The vast majority of children going to play football and rugby on the pitches where we spent the morning were driven there. The roads were gridlocked, the car parks were full, and tempers were fraying. Yet the parents will make the same choices next weekend – and no doubt what I saw is reflected up and down the country. In London in particular there really is no excuse: the city has a comprehensive public transport system, with free buses for children. When will people wake up to the fact that they themselves are the traffic, the congestion and the pollution?
Adam Manolson
London
• I don’t think human nature changes very much. Nearly 50 years ago when I was living in West Germany, as it was then, during the oil crisis, their government introduced a Sonntagsfahrverbot which banned most car travel on Sundays to save fuel. It was not unusual to see people strolling down the middle of empty autobahns. A bumper sticker appeared which translated as “Everyone wants to return to Eden but few want to go on foot”. Plus ça change, eh?
Linda Marriott
North Hykeham, Lincolnshire
• It’s more than anecdotally evident that too many people in Britain, aided and abetted by our libertarian and inept government, can’t be bothered, despite regular advice, to wear a mask in public places to protect themselves and others. How then will British society ever take the climate crisis seriously and do what’s required of the populace to help reduce the planet warming to a rate of 1.5C or lower by 2050?

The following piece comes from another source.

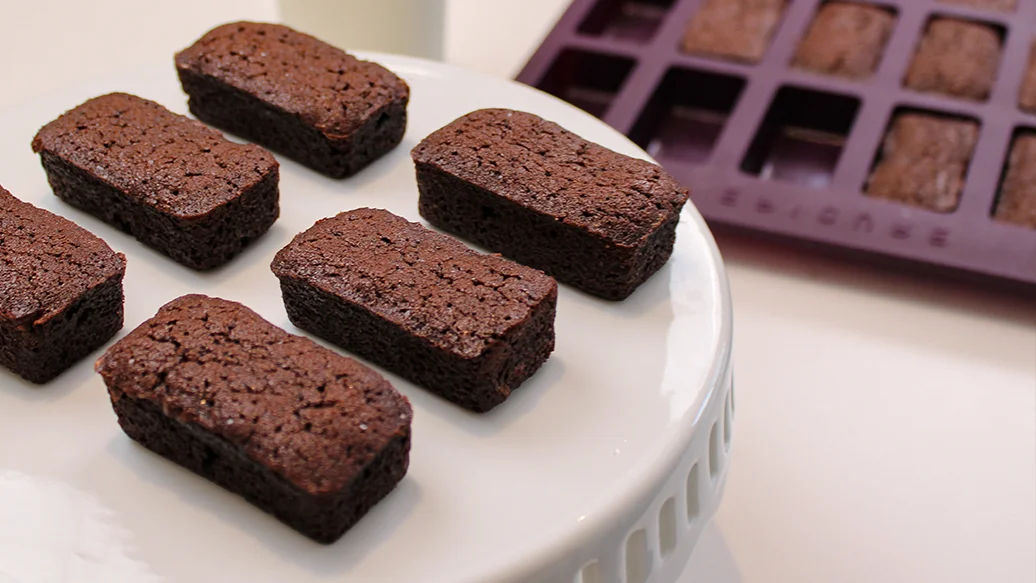 Fudgy Brownie Petites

In this context, it’s illuminating and worrying to note from the international survey that the “gulf between citizens’ view of their own efforts (44%) and that of their government (16%) was highest in the UK”.
Robin Bevis
Okehampton, Devon
• I’m not surprised at the survey results. They reflect the success that fossil fuel interests have had deflecting our attention from real solutions that would reduce emissions and transition us to a clean-energy future, such as policies that would end subsidies for fossil fuels, tax carbon pollution or establish a border carbon tariff. Through well-funded advertising, op-eds, and social media, they have led the public to believe that the problem is us.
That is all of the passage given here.